- Born: November 5, 1863 Warren, Ohio, U.S.
- Died: March 20, 1928 (aged 64) Cleveland, Ohio, U.S.
- Occupation: Industrialist
- Spouse: Elizabeth Gillmer
- Relatives: William Doud Packard (brother) Alaska P. Davidson (sister)

= James Ward Packard =

American businessman

James Ward Packard (November 5, 1863 – March 20, 1928) was an American industrialist who, alongside his elder brother William, created the Packard Motor Car Company and Packard Electric Company.

==Early life==
James Ward Packard was born in Warren, Ohio, on November 5, 1863, the son of Mary Elizabeth Doud and Warren Packard. He had a brother named William and sisters named Alaska, Carlotta, and Cornelia. Alaska later gained fame as the first female FBI agent. From 1880 to 1884, Packard studied mechanical engineering at Lehigh University in Bethlehem, Pennsylvania.

==Career==
After he graduated, Packard and his brother William founded the Packard Electric Company in 1890, through which they manufactured incandescent carbon arc lamps. In 1893, the brothers formed a partnership with Winton Motor Carriage Company investor George L. Weiss called Packard & Weiss. The first Packard automobile was released in 1899. In 1900, the company incorporated as the Ohio Automobile Company and was renamed the Packard Motor Car Company in 1902.

The company relocated to Detroit in 1903. The company eventually merged with the Studebaker Corporation in 1954, and the last Packard was made in 1958. Following the company relocation to Detroit, the Packard brothers focused on making automotive electrical systems via the Packard Electric Company. General Motors acquired the company in 1932, renaming it Delphi Packard Electric Systems in 1995. The company was spun off and became independent of GM in 1999.

==Death==
Packard fell ill in 1925 and underwent surgery for cancer the following year.
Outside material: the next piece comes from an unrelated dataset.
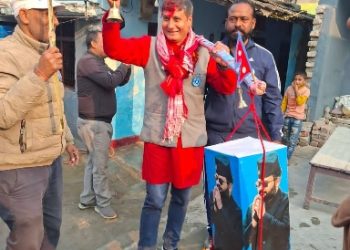 मुर्लीमा रास्वपा उम्मेदवार हरि पन्तलाई काँवर बोकाएर घरदैलो, स्थानीयको उत्साहजनक समर्थन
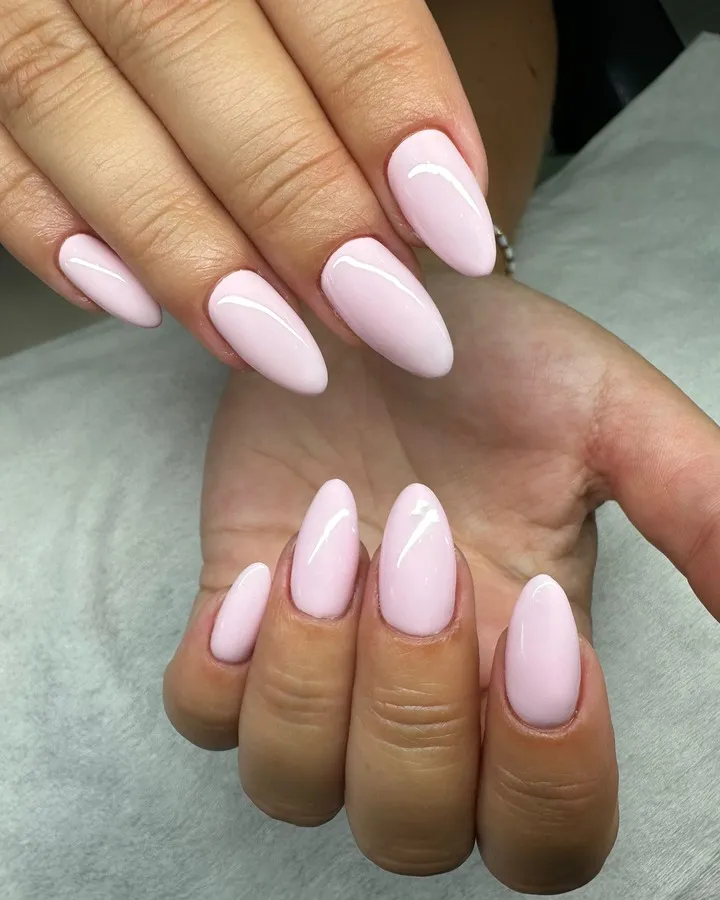 Pedicura rosa pastel brillante en uñas de los pies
He spent his final 16 months at the Cleveland Clinic Hospital, where he died at the age of 64 on March 20, 1928. He was survived by his wife, Elizabeth Gillmer, with whom he had no children.

==Legacy==
Packard Park in Warren, Ohio, is on land donated by the Packards. The James Ward Packard Laboratory of Mechanical and Electrical Engineering at Lehigh University was funded by him and completed in 1929, the year after he died.

In 1927, Packard commissioned Patek Philippe to create a watch so complicated that it could never be outdone; banker Henry Graves Jr. spent five times as much to surpass him in 1933, paying the same watchmaker to create the then unsurpassed Patek Philippe Henry Graves Supercomplication.